Rhyme didn’t comment on the error regarding his rank.

“They’ve got the Bureau’s PERT team ready to go. Fred Dellray’s running the case and he asked – respectfully, yeah, he used that very word – he asked respectfully if you’d do the forensic work. And it’s a virgin scene, except for getting the bodies and the wounded out.”

“Then it’s not virgin,” Rhyme snapped. “It’s extremely contaminated.”

“All the more reason we need you,” Banks ventured, adding “sir” to defuse Rhyme’s glare.

Rhyme sighed, looked at the glass and the straw. Peace was so close to him just now. And pain too. Infinite sums of both.

He closed his eyes. Not a sound in the room.

Sellitto added, “It was just the woman herself, hey, wouldn’t be that big a deal. But she’s got her daughter with her, Lincoln. Underground, with a little girl? You know what that kid’s life’s going to be like?”
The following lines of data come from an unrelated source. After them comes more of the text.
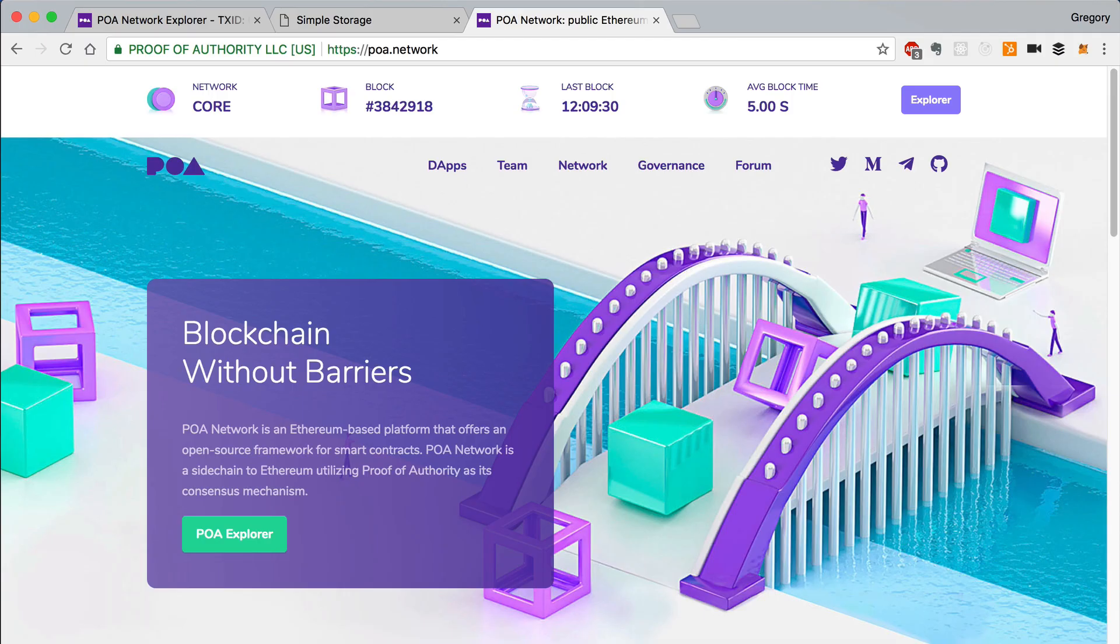And that's it. That's how easy it is to deploy a dApp to the POA network with Truffle.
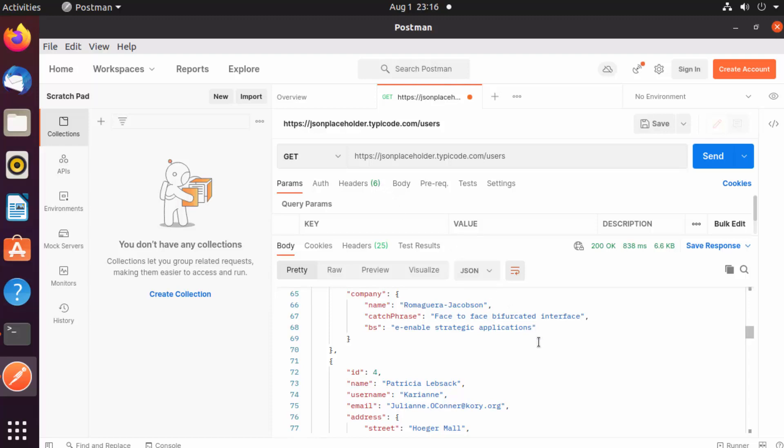That's how you can download and install Postman on your Ubuntu operating system. I hope you've enjoyed this video, and I'll see you in the next one.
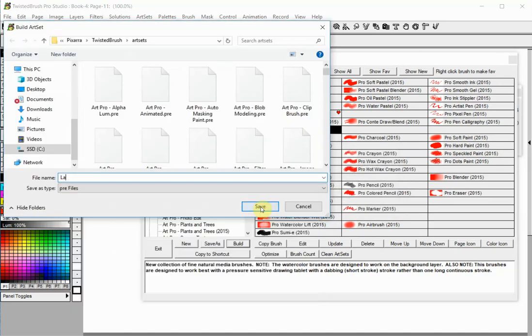Enter a name for your new Art Set. Do not change the directory. Click the Save button.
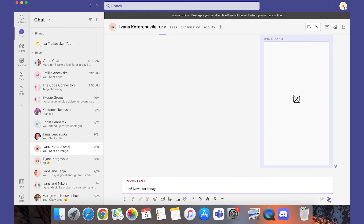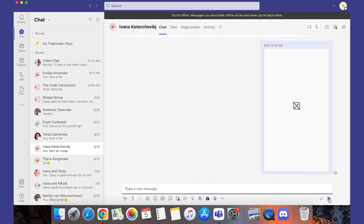That's when you know you've marked the message as important. Write your message and press Enter to send it — and voila! To remove the important mark, click on the exclamation mark and select standard, and it goes back to its regular form.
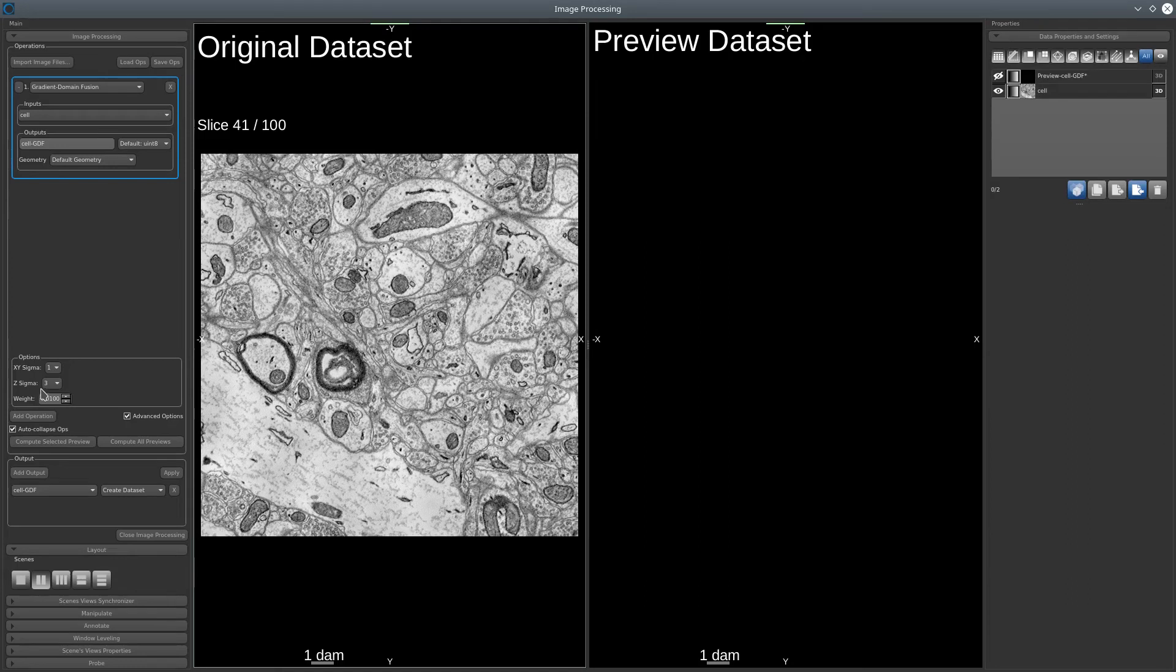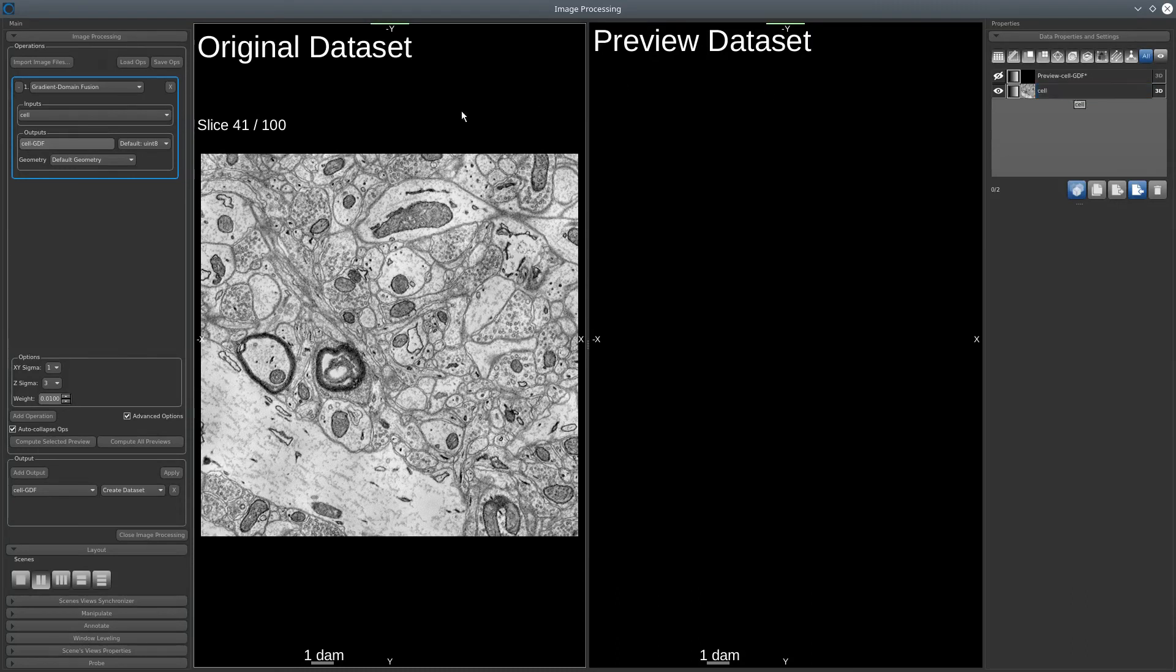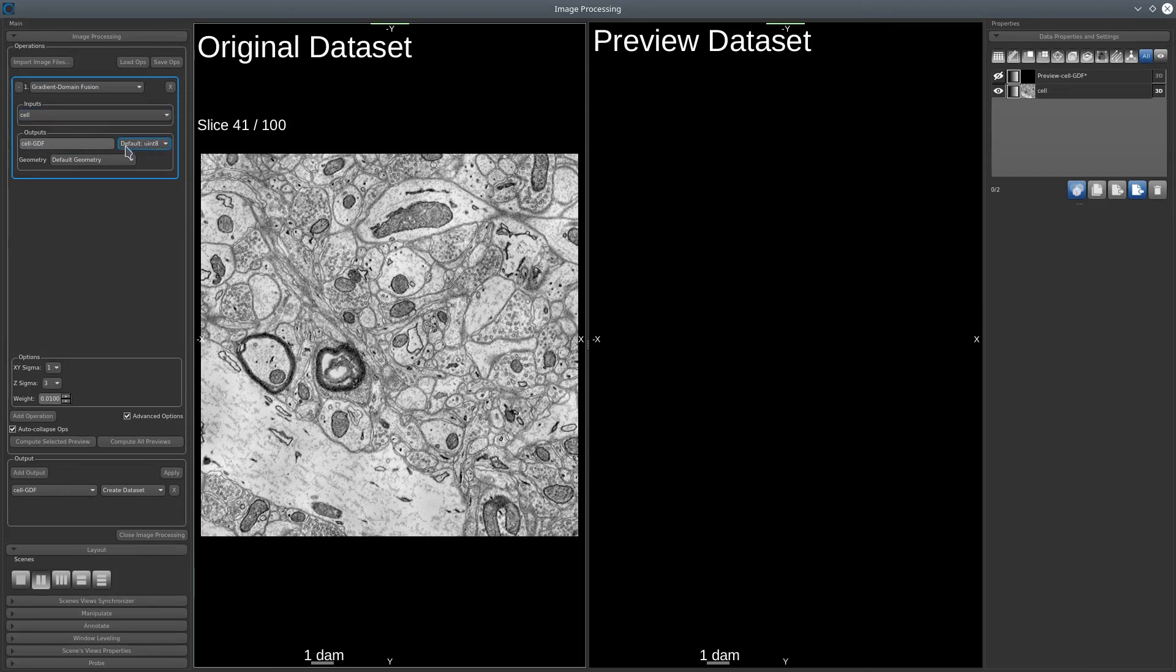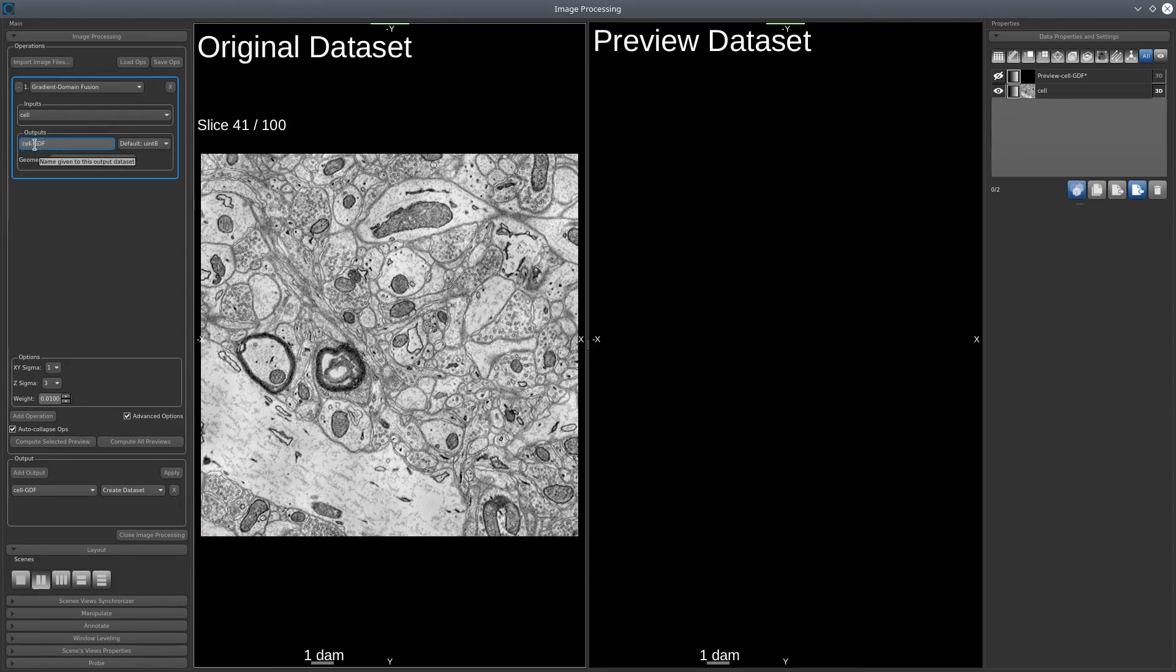Since we only have one data, the input is itself. But if you have many data set or ROI, it's very important to select the right one. Here will be the name of the output, the corrected dataset. For now, I will just leave it like that. GDF as gradient domain fusion, but you can put anything that is meaningful for you.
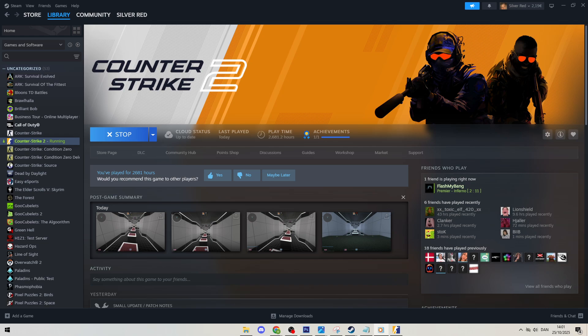How's it going everybody? So real quick I want to show you how I practice utility in Counter-Strike 2. I get asked many times about how to set up practice servers for utilities.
I’ll get you for that too, Lon.

Rhyme nestled his head into the opulent pillow. Finally his eyes sprang open. He said, “There’d be some conditions.”

“Name it, Linc.”

“First of all,” he said. “I don’t work alone.”

Rhyme looked toward Amelia Sachs.

She hesitated for a moment then smiled and stood, lifted the glass of tainted brandy out from under the straw. She opened the window wide and flung the tawny liquid into the ripe, hot air above the alley next to the townhouse, while, just feet away, the falcon looked up, glaring angrily at the motion of her arm, cocked his gray head, then turned back to feed his hungry youngster.